▶ _Caption-style text data_
= Beginning of Section =
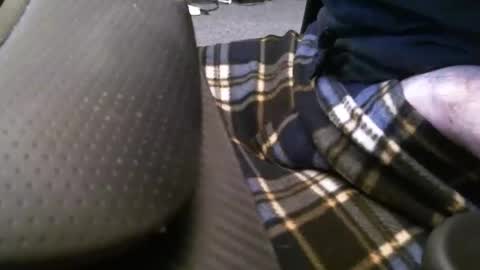 Snapshot of wrangleat0r chatting on January 23, 2025, 3:37 am wrangleat0r online show from January 23, 2025, 3:37 am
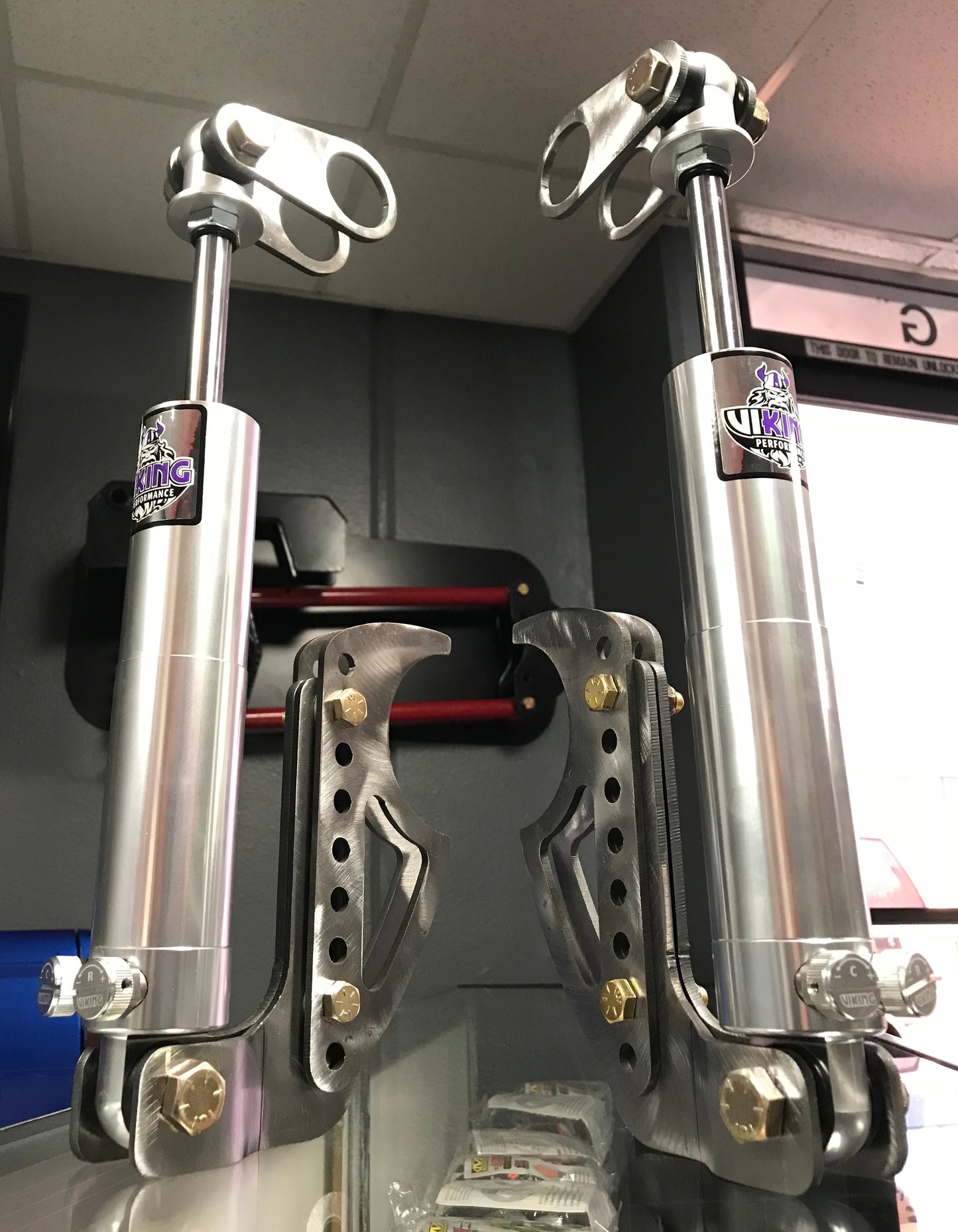 UNIVERSAL KIT -Viking Dual Adjustable Shocks With Relocation Kit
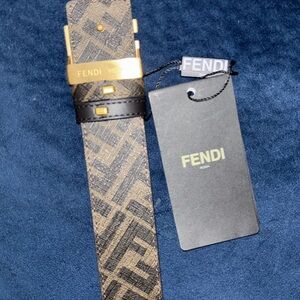 Black Reversible Fendi Belt (Brand New) Sz 34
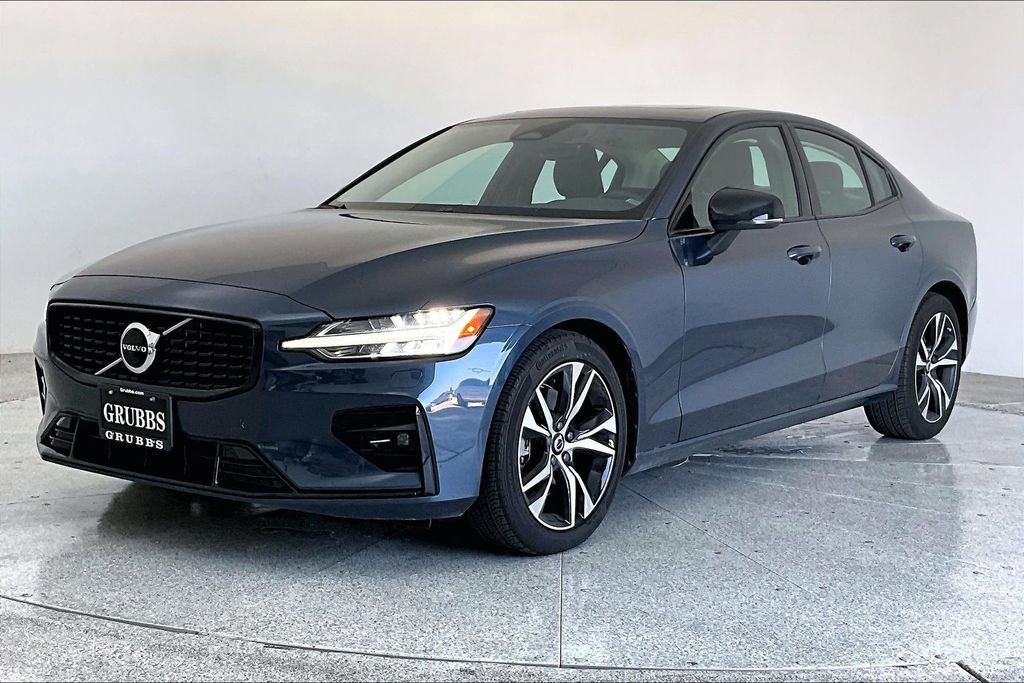 Used 2025 Volvo S60 B5 Core FWD image 12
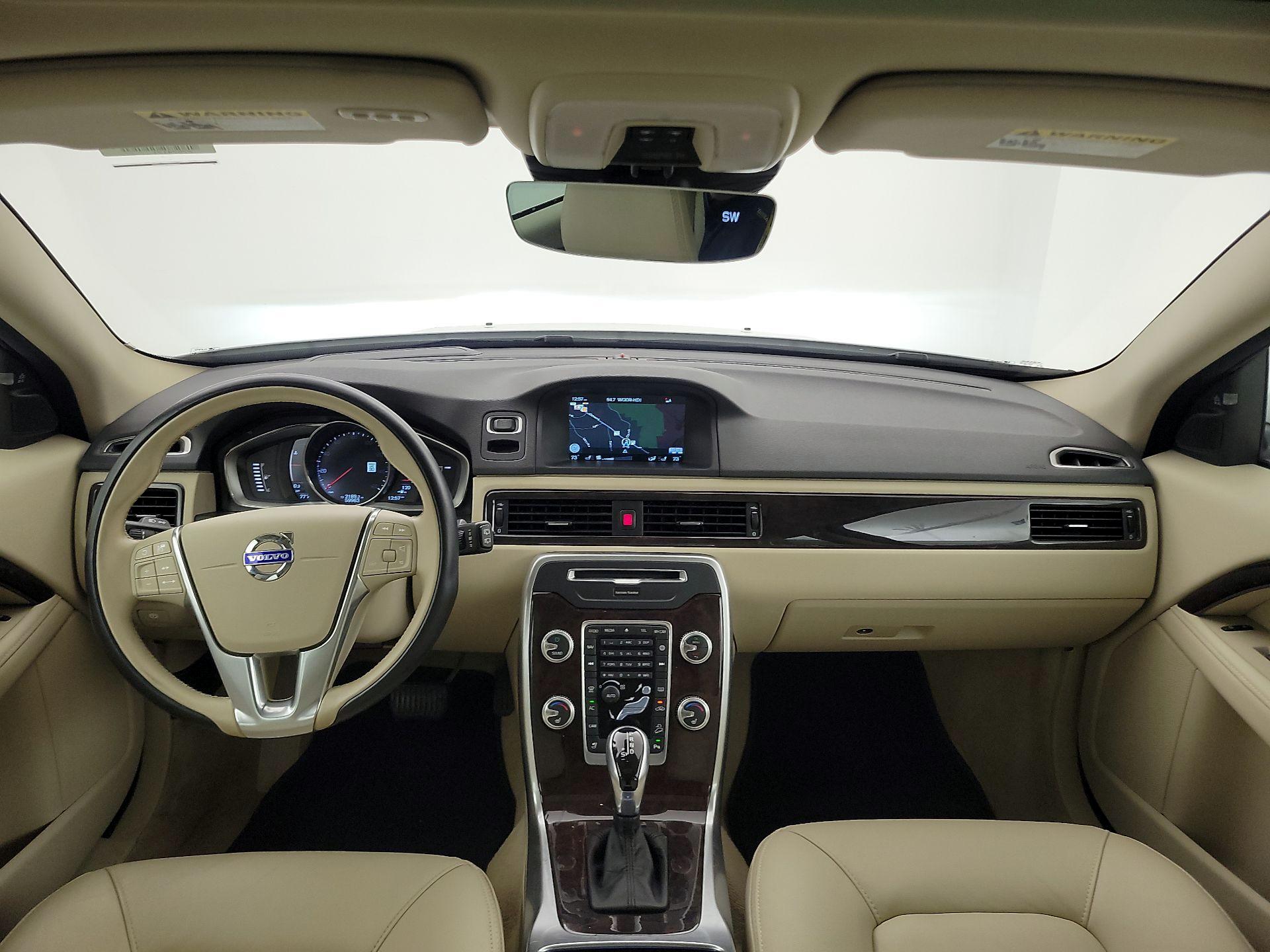 Thumbnail: 2015 Volvo XC70 - 9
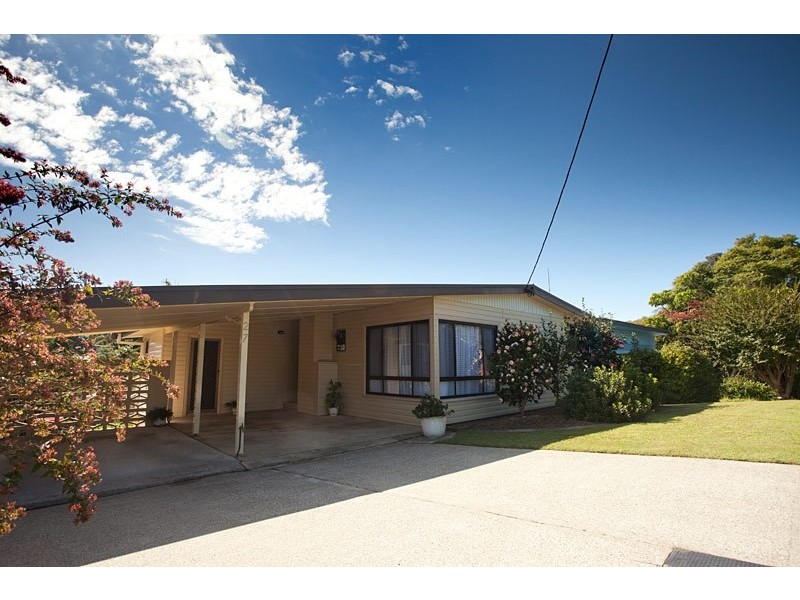 27 Bayview Crescent, Taree NSW 2430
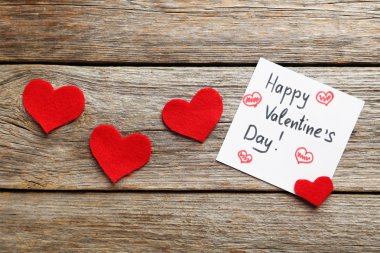 Kırmızı Kalpler ve kağıt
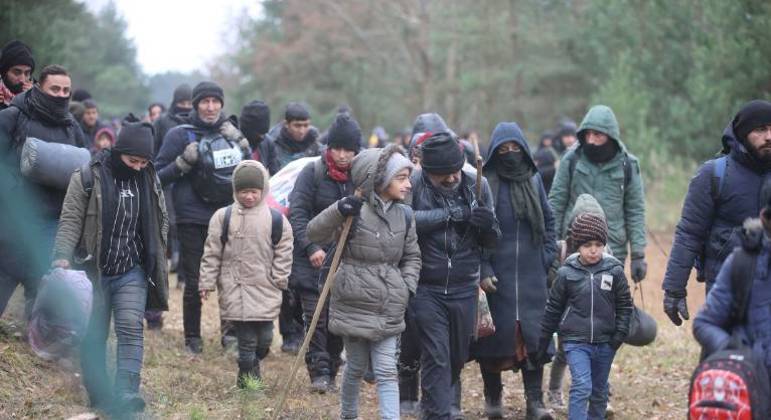 Migrantes se dirigem para a fronteira polonesa de Kuznica 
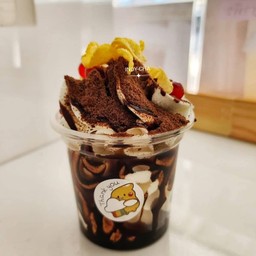 วิปครีม ซอสช็อกโกแลต ภูเขาไฟ + ท็อปปิ้ง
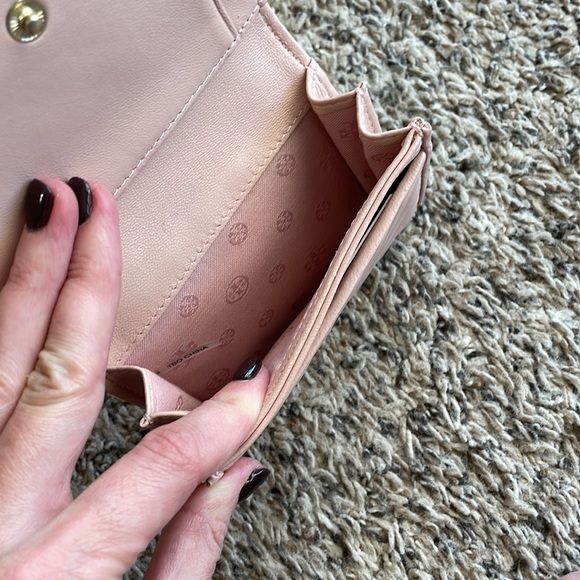 Tory Burch Alexa Mini Wallet - Picture 4 of 4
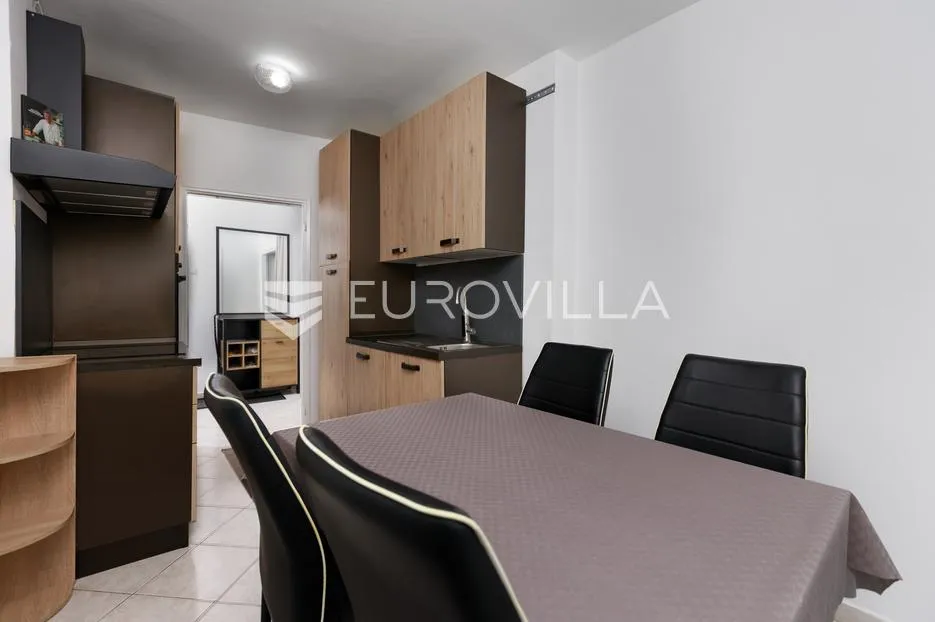 senj, dvosobni stan od 57 m² u strogom centru - slika 11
= End of Section =
▶ _Aim of the exercise_
Please copy the entries in full. Leave each image out.

▶ _Response_
 Snapshot of wrangleat0r chatting on January 23, 2025, 3:37 am wrangleat0r online show from January 23, 2025, 3:37 am
 UNIVERSAL KIT -Viking Dual Adjustable Shocks With Relocation Kit
 Black Reversible Fendi Belt (Brand New) Sz 34
 Used 2025 Volvo S60 B5 Core FWD image 12
 Thumbnail: 2015 Volvo XC70 - 9
 27 Bayview Crescent, Taree NSW 2430
 Kırmızı Kalpler ve kağıt
 Migrantes se dirigem para a fronteira polonesa de Kuznica 
 วิปครีม ซอสช็อกโกแลต ภูเขาไฟ + ท็อปปิ้ง
 Tory Burch Alexa Mini Wallet - Picture 4 of 4
 senj, dvosobni stan od 57 m² u strogom centru - slika 11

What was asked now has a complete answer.